Workplace communication is a constant topic of discussion with respect to driving culture, strategic direction, and employee engagement. We can now add pay to the list. A recent Wall Street Journal article, Ask Me How Much Money I Make: Pay Gets More Transparent, highlighted another difference as to how millennials act and communicate at work. Millennials are very open with one another about their pay, benefits, bonuses, promotions, etc. Previous generations tended to be more private and hold pay and benefits information much closer to the vest. Not so for millennials, approximately one-third of millennials (average ages 18-36) indicate their comfortableness with discussing pay with their co-workers – about four times the rate of baby boomers. In fact, the article illustrated an example of an employee who felt that open discussion among peers helps young workers learn how to negotiate regarding pay and benefits. In light of this change in workplace practices, what should employers be aware of as they prepare for this?
First, a reminder as to legal pay communication at work: The National Labor Relations Act (NLRA) allows employees to discuss with one another anything having to do with wages, hours and working conditions. So, for employers, the NLRA makes it illegal to either officially (via a policy) or in practice, prevent pay conversations. This legal consideration is expanding as certain cities (Philadelphia, New York City) and states (Massachusetts in 2018) have new regulations preventing employers from asking job candidates about their pay history.
Think Big Picture
Second, employers should adopt more formal pay practices to ensure market competitiveness in an effort to attract and retain top talent. What does this really mean? At least every other year, employers need to compare their pay programs to similar jobs in similar geographies – simply because employees, especially millennials will. This doesn’t mean that employers must pay what the market bears, but knowledge is power. Employers can decide on a compensation philosophy which pays at market, above market, or below market. The importance is to have a philosophy and implement it. When the time comes to negotiate a job offer with a job candidate or a counter-offer with a current employee, the employer will know the market data and be able to make an educated decision. Additionally, having valid market pay information makes it easier to communicate with employees about their compensation, why some positions command higher pay than others and will enable trust in all compensation communications going forward.
Third, organizations should create career paths which enable employees to grow both in role and in pay. This is critical in both attracting and retaining employees, especially millennials! If an employer cannot pay at market but can offer career development, it can be the difference in hiring or retaining top talent.
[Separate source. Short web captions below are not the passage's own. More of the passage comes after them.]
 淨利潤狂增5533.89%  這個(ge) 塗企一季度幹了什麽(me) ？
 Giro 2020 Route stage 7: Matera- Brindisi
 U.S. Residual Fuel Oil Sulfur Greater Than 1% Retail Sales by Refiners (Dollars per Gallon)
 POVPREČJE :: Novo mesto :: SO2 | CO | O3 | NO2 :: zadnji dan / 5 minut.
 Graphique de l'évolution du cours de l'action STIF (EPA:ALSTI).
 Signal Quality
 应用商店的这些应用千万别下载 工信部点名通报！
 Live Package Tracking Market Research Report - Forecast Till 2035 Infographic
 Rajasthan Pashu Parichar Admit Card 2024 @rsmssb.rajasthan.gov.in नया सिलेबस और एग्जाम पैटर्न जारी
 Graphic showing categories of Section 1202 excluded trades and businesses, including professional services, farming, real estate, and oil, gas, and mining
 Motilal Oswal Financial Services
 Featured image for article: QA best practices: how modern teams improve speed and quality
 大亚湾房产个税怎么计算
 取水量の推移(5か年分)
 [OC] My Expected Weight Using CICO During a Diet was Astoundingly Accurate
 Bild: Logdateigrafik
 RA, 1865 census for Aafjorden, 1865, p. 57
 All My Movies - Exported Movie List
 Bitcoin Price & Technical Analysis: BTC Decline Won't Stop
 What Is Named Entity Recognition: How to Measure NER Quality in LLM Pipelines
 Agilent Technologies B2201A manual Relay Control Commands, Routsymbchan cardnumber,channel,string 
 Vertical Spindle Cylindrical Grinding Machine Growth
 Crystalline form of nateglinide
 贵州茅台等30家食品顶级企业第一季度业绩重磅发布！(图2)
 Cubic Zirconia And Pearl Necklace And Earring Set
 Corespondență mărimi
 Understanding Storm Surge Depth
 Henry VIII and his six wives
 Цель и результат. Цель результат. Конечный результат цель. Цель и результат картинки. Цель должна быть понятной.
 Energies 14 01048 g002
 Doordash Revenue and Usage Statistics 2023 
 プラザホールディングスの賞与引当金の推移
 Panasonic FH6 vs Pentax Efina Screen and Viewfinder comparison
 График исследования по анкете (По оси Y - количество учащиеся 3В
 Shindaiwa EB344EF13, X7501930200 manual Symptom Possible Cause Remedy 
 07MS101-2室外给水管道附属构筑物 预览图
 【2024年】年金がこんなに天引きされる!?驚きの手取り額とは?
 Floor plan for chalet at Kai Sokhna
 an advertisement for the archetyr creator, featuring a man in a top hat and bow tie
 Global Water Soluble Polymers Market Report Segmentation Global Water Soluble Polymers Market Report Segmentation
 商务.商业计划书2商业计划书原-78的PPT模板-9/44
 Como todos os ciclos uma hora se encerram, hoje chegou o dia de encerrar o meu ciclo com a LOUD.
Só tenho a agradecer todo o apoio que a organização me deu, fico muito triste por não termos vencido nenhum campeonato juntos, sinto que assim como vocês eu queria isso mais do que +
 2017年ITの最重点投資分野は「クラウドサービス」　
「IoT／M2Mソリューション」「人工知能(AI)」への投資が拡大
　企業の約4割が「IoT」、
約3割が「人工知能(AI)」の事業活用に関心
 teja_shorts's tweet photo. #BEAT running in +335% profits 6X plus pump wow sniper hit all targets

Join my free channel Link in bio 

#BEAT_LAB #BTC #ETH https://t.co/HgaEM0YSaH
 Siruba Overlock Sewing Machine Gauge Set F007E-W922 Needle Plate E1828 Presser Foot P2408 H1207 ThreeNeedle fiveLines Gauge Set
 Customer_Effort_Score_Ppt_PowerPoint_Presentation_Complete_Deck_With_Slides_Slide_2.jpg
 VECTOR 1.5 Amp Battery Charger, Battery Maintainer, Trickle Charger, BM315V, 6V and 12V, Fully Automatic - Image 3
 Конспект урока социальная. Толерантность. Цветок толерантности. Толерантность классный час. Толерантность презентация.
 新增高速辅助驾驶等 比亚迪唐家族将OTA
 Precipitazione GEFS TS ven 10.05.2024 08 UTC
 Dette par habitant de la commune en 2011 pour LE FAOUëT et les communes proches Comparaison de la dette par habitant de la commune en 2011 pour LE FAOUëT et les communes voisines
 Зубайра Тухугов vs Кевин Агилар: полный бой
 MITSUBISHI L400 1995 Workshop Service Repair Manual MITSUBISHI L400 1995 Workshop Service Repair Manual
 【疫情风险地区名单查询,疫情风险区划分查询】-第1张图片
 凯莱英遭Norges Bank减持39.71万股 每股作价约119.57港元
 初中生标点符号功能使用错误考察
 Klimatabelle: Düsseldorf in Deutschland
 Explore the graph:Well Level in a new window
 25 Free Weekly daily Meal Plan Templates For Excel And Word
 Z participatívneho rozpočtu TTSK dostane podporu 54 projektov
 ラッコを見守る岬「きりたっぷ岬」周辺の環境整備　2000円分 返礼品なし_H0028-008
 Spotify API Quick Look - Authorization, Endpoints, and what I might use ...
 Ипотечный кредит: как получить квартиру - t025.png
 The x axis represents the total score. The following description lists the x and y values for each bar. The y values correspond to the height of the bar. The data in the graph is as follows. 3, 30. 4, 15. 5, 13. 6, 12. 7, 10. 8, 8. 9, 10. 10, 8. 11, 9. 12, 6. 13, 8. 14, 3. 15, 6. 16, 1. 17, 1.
More and more pay information and decisions are becoming transparent in the workplace. There are many reasons, but near the top of the list, millennials demand it. More importantly, employers are competing for good talent and finding it harder to retain top talent as unemployment rates continue to drop. A sound pay communications strategy, inclusive of being market competitive, career-oriented, talent retentive, and regulatory compliant, will enable employers to compete in the “war for talent” – especially for millennials.